Поход прошел весьма удачно. Ясак собрали казачки богатый, не потеряв при этом ни единого бойца. Стычки с татарвою стали редкостью, но это-то и беспокоило чуткого на вражьи хитрости Ваньку-есаула.
«Не могли сибирцы с этих мест уйти, то, что мы Искер у них отвоевали, ничего еще не значит. Ермак с Иваном и Барбошей в свое время у ногайцев их Сарайчик вовсе дотла сожгли, а толку-то. Ногаи к царю посла с дарами да покорностью прислали, и казаки оказались виноватые кругом. Как бы в этот раз чего подобного не приключилось, – размышлял Иван. – Хотя, Кучум с царем – два сапога пара, во властолюбии один другому не уступят. Вряд ли хан захочет покориться государю православному. Видимо, от татарвы другой какой-то пакости надо ожидать, знать бы только, какой».
Чувственное сердце есаула с недавних пор стало ощущать приближение большой беды, но что она придет не из московского кремля, а притаилась здесь, в Искере, и имя ее – предательство, он пока еще не догадывался.
Не найдя ответа на свои вопросы, Княжич поглядел по сторонам.
«А Иртыш с Тоболом широтой своею Дону не уступят.

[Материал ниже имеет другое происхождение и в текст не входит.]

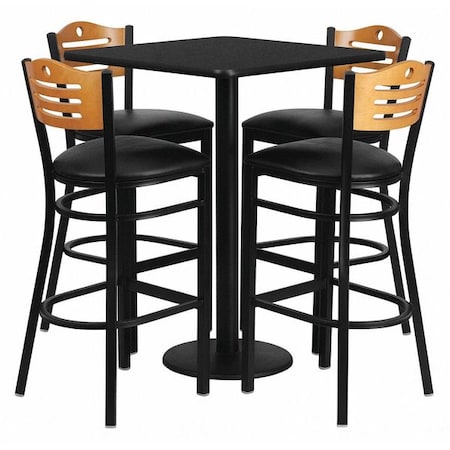 Square Blk Bar Table, Square w/Black Seats, 30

Только там у нас кругом просторы, степь бескрайняя, а тут одни леса дремучие да непролазные болота и лета почти нет. До середины мая снег лежал и вот, на тебе, того гляди, наступит ледостав. Вовремя мы до дому подались. Нет, царя, наверное, не стоит опасаться. Кроме нас, станичников, других охотников идти в Сибирь своею волей Иван Васильевич вряд ли найдет, – подумал Ванька и печально улыбнулся. Уж он-то угодил в сей позабытый богом край не по своей охоте. – Может, я да Ян с его литвинами и первые, кто прямо из застенка сюда попал, но далеко не последние. Сердцем чую, изгадит государь с боярами нашу мечту о вольном казачьем царстве. Быть Сибири пристанищем кандальников».

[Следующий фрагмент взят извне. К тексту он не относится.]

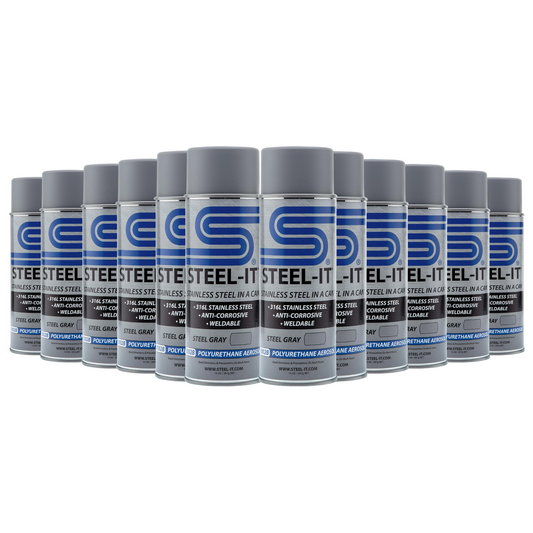 Steel-It 1002B Polyurethane Aerosol, Industrial Paint Coatings, Weldable, Easy to Apply - Steel Gray (12 Pack)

– Атаман, чего сидишь, на воду смотришь, как колдун остяцкий, эдак мы мимо Искера проплывем, – окликнул Княжича Максим.
Впереди на левом берегу уже и впрямь виднелась поставленная по совету есаула сторожевая башня, из которой казачьи караулы теперь вели дозор за пристанью. Мыслимо ли дело струги в крепость каждый раз таскать.
– Будто сам не знаешь, что делать. Убирайте парус да садитесь на весла, – распорядился Княжич. Браты проворно исполнили приказ и все три струга, что составляли казачий караван, поплыли к берегу.
18
Соленый встречал своих друзей-наставников прямо на пристани. Он настолько стосковался по – Ваньке с – Бешененком, что всю последнюю неделю нес караул на башне за других.
– Здорово, парень, как у вас дела? Что хорошего, что худого приключилось, пока нас не было, – обнимая Семку, спросил Иван.
Максимка поприветствовал дружка на свой обычный лад:
– Да тебя, брат, не узнать. Глянь-ка, атаман, каким он молодцем стал. Из пердуна запечного в настоящего воина обратился, – насмешливо промолвил он и тут же озабоченно спросил: – Что с рукой-то?
За минувшие весну и лето Семен действительно сильно изменился. Теперь Соленый не походил на случайно затесавшегося средь станичников мужичка. На его раздавшихся вширь плечах ладно сидел соболий полушубок, подпоясанный широким кушаком с серебряными бляхами, за который была заткнута пистоль, а на боку висела кривая татарская сабля с золоченой рукоятью.
– Да на той неделе стрелой ордынцы малость угостили, – поморщившись, Семка шевельнул висящей на перевязи левой рукой. – Но это пустяки, до свадьбы заживет. К тому же свадьбы нам с тобой, Максим, играть еще нескоро. Наших, русских девок, здесь, в Сибири, не сыскать, а жениться на остячке нет охоты.